Gov't Ex. 36 (emphasis added), p. 1.

7) The 2,500 ton per day figure included municipal, commercial and construction and demolition waste. Gov't Ex. 36, p. 1.

8) Having thus represented to the court that the County understood and accepted the need to replace the Landfill as the sole repository for waste generated within the County, the County Attorney emphasized, in opposing the Government's application for injunctive relief, that the County had already undertaken the obligation to dispose of all of the County's waste as its own responsibility:

  Waste disposal by state law is not a county
  responsibility, but that of the cities, towns and
  villages, but the county has assumed the
  obligation because the local communities cannot
  do so and have asked the county to handle the
  function.

Gov't Ex. 36, at p. 1.

9) On June 6, 1972, the court entered an order (the "1972 order") that, in essence, granted the Government's motion. Gov't Ex. 16.

10) The County was also ordered to submit monthly reports to the court on its compliance with the 1972 Order. In these monthly reports, the County reported that it had engaged the services of Leonard S. Wegman Co. ("Wegman") and the Environmental Facilities Corporation ("EFC") for the "formulation of a comprehensive county-wide solid waste management plan for review and adoption by the County." Gov't Ex. 37, Ex. A (# 1)

11) Finally, two years after the entry of the 1972 Order, the County submitted to the court with its Twenty-Fourth Report, a plan based upon studies conducted by Wegman and the EFC. Gov't Ex. 38 (entire report)

12) The 1974 Plan was predicated upon temporary use of the Landfill for a few more years until an all-encompassing solid waste disposal plan was constructed to replace it:

  The plan envisions an "interim" phase between now
  and 1978 and a "continuing phase" when the full
  spectrum of resource recovery systems have been
  established. During the interim phase, it is
  recognized that the continued use of the Croton
  Point sanitary landfill will be necessary in order
  to give the County sufficient time to construct a
  feasible and economic system of resource recovery
  facilities. However, it is contemplated that the
  operations there will be ended as soon as possible
  and the landfill site restored to a useful
  recreation facility.

Gov't Ex. 38, p. 2. (Emphasis added).

13) In transmitting the 1974 Plan to the Westchester Board of Legislators for its adoption, then County Executive Alfred B. Del Bello described the "basic elements" of the plan as including, inter alia:

I. County Responsibility

  The County of Westchester will assume the total
  responsibility for the disposal of the 900,000 tons
  per year of solid waste generated by the County's
  municipalities. The methods of disposal will be
  consistent with the highest environmental
  standards. The municipalities will continue to be
  responsible for the collection of the wastes within
  their borders, and for the delivery of the wastes
  to the nearest designated county waste treatment
  facility.

Id. Section I of Plan, pp. 8-9. Del Bello letter 5/7/74 (emphasis added).

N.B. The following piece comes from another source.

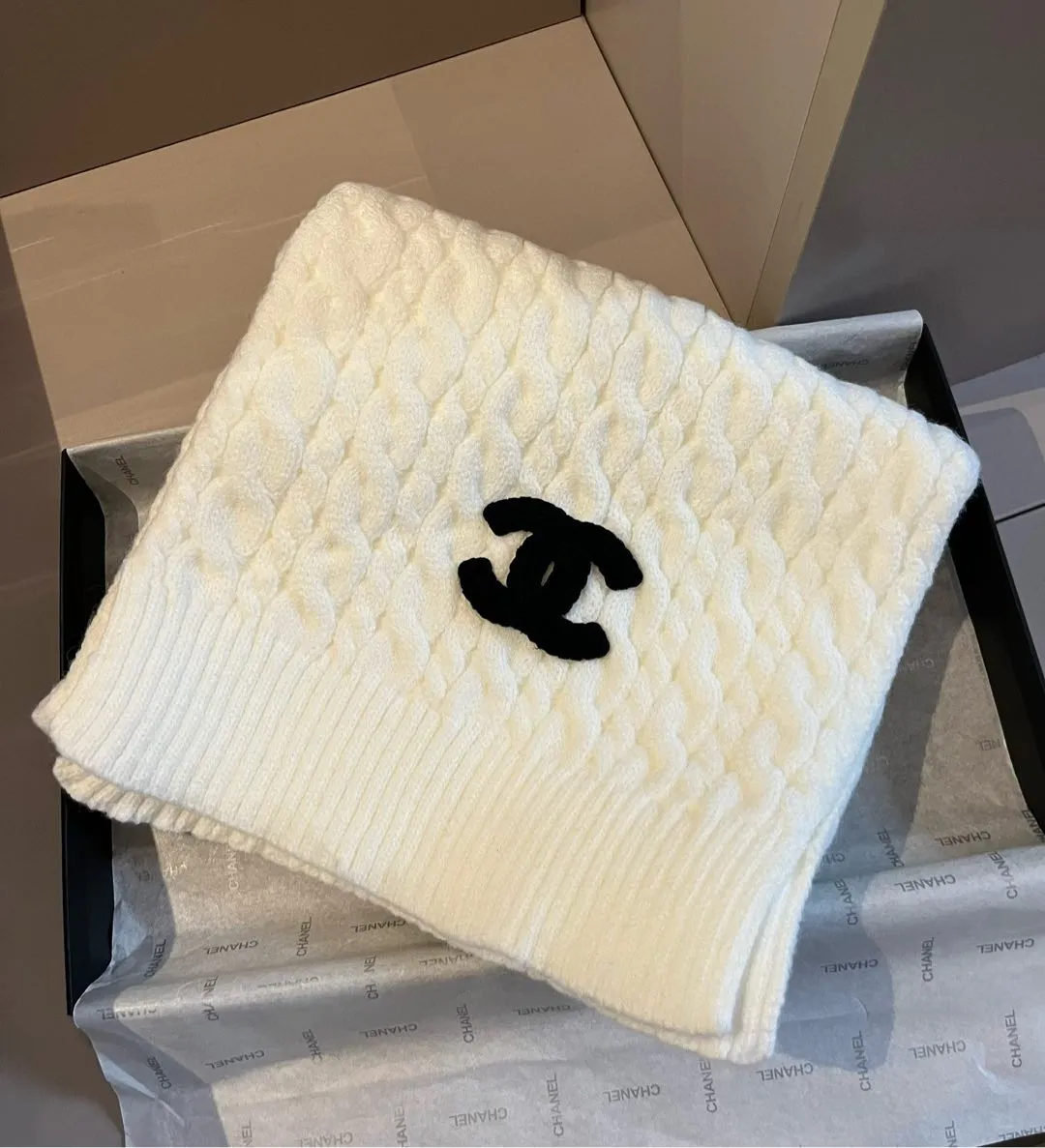 💰210¥ Chanel Chanel knitted scarf hat set official model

14) The 900,000 figure referred to in the 1974 Plan was the County's estimate for municipal, commercial and construction and demolition waste. Gov't Ex. 38, Section III, DEC and EFC Study, April 1974, p. iii, attached to Plan.

15) In the process of taking total responsibility for waste disposal, the County planned to "take over" existing municipally-owned solid waste disposal facilities, and to close the Landfill once the County's plan to replace it was put into effect. Id., p. 2-3, 4 (2nd document)

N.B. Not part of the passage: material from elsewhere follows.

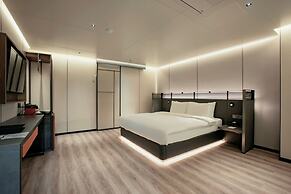 L&L City Hotel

15a) The 1974 Plan emphasized that the problem of disposing of all of Westchester's waste could be remedied "only . . . through the development of a County-wide Master Plan." Id., p. 13, the Plan at p. 1.

16) To maintain its economic viability, the County insisted that the system must be "under County control, with the operation in the hands of those who are politically responsible for its successful implementation." Id., p. 19, the Plan at p. 7.

17) The 1974 Plan estimated that, by 1980, Westchester would produce over one million tons per year of residential, commercial and industrial solid waste. Id., p. 13, the Plan at p. 1.

18) In the 1974 Plan, the County expressly noted that this undertaking was required by the 1972 Order:

  Under the terms of the U.S. court order that was
  issued directing the County and the EFC to take
  remedial steps, the County was directed to
  undertake studies, with a qualified consultant,
  leading to the development of a plan for alternate
  sites for waste disposal, the recovery of resources
  from the solid waste stream in order to reduce that
  quantity, and to undertake other technical studies
  regarding the prudent operation of the sanitary
  landfill.

Id., p. 15, the Plan at p. 3. (emphasis added)

19) Citing "county-wide demand for the County assumption of responsibility for solid waste disposal," the County reported that "[s]ince this is a county-wide problem, the solutions must be applicable county-wide. . . ." Id., p. 22, the Plan at p. 10.

20) The 1974 Plan was "predicated on the concept that . . . there is a need for the County to assume primary responsibility for waste disposal." Id., p. 27, the Plan at p. 15.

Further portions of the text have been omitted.